[TO DO]
The pictures are to be left out, and all remaining data is to be transcribed exactly as it appears.
BEGIN THE DATA
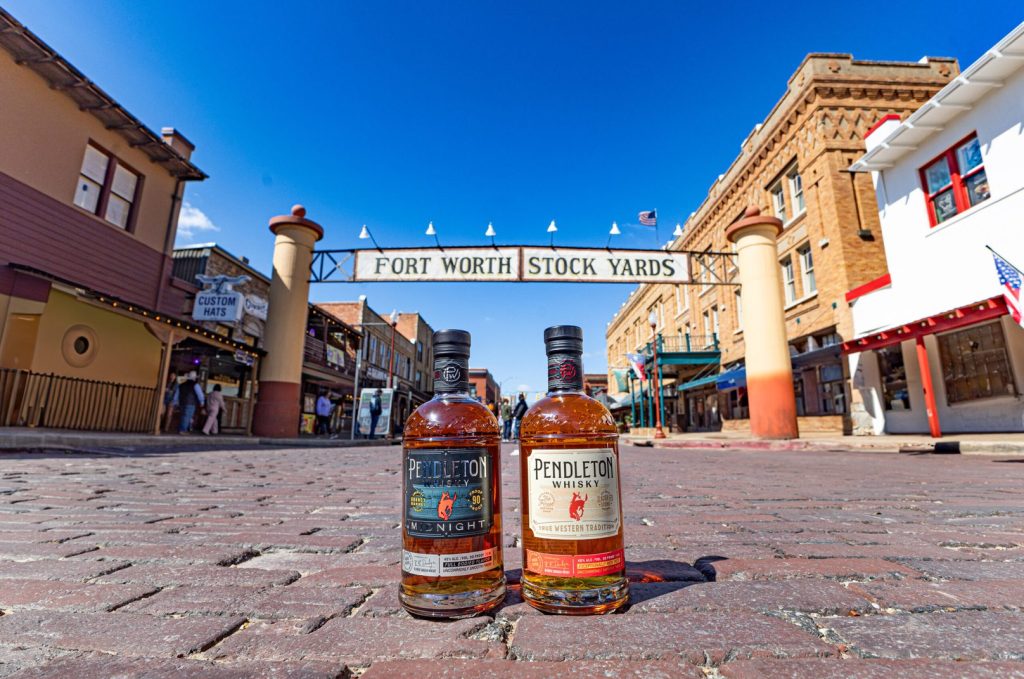 Pendleton Whisky Midnight and Pendleton Whisky bottles on the brick street beneath the Fort Worth Stock Yards sign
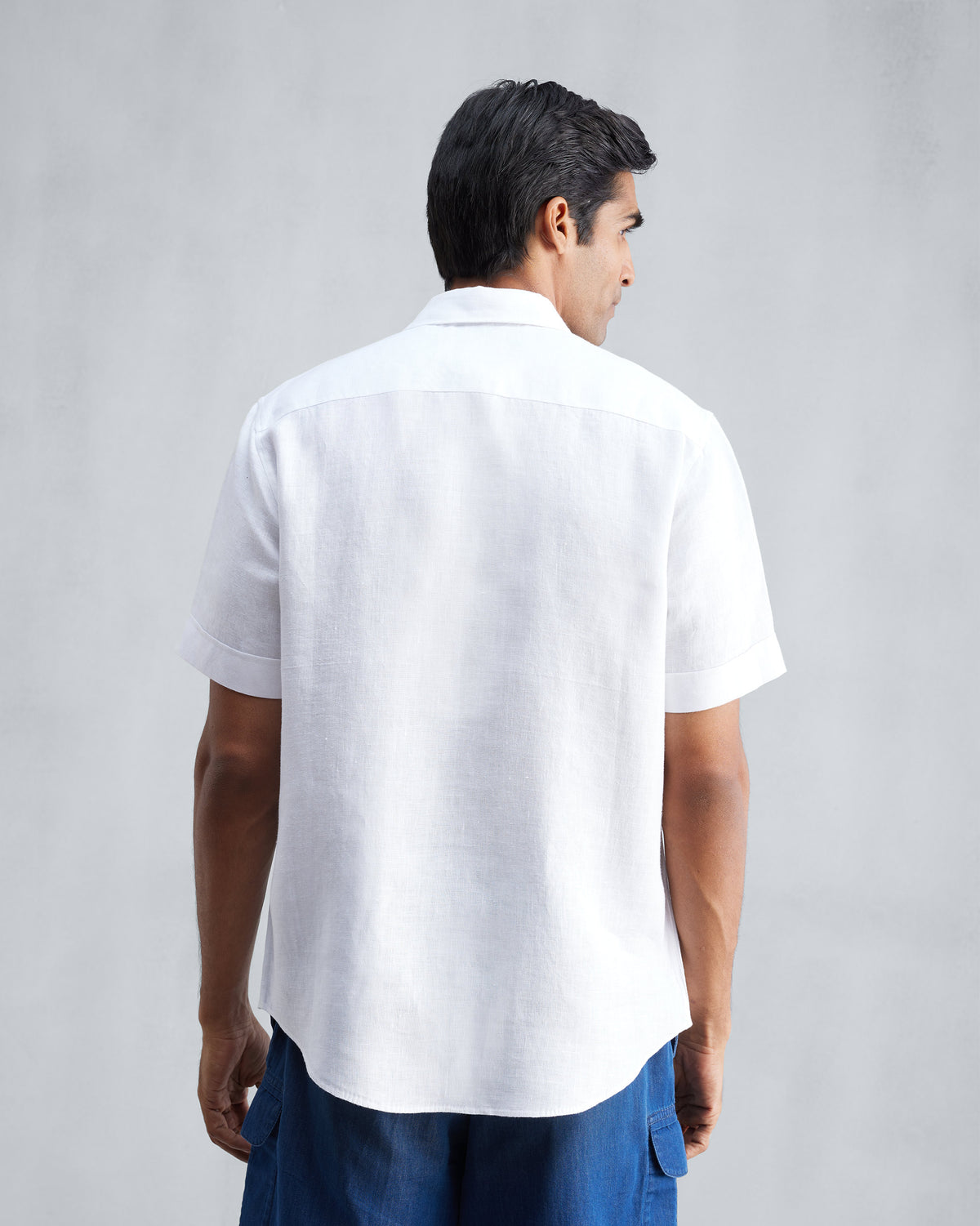 Back of a white half-sleeve shirt worn by a person.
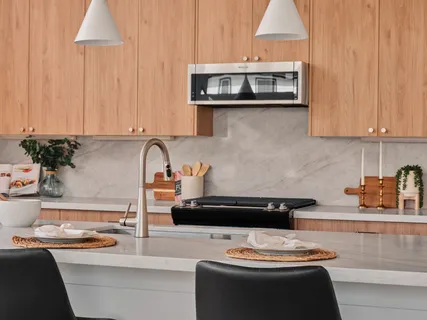 a kitchen with a cabinets and appliances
END THE DATA
[RESULT FOR THIS EXERCISE]
 Pendleton Whisky Midnight and Pendleton Whisky bottles on the brick street beneath the Fort Worth Stock Yards sign
 Back of a white half-sleeve shirt worn by a person.
 a kitchen with a cabinets and appliances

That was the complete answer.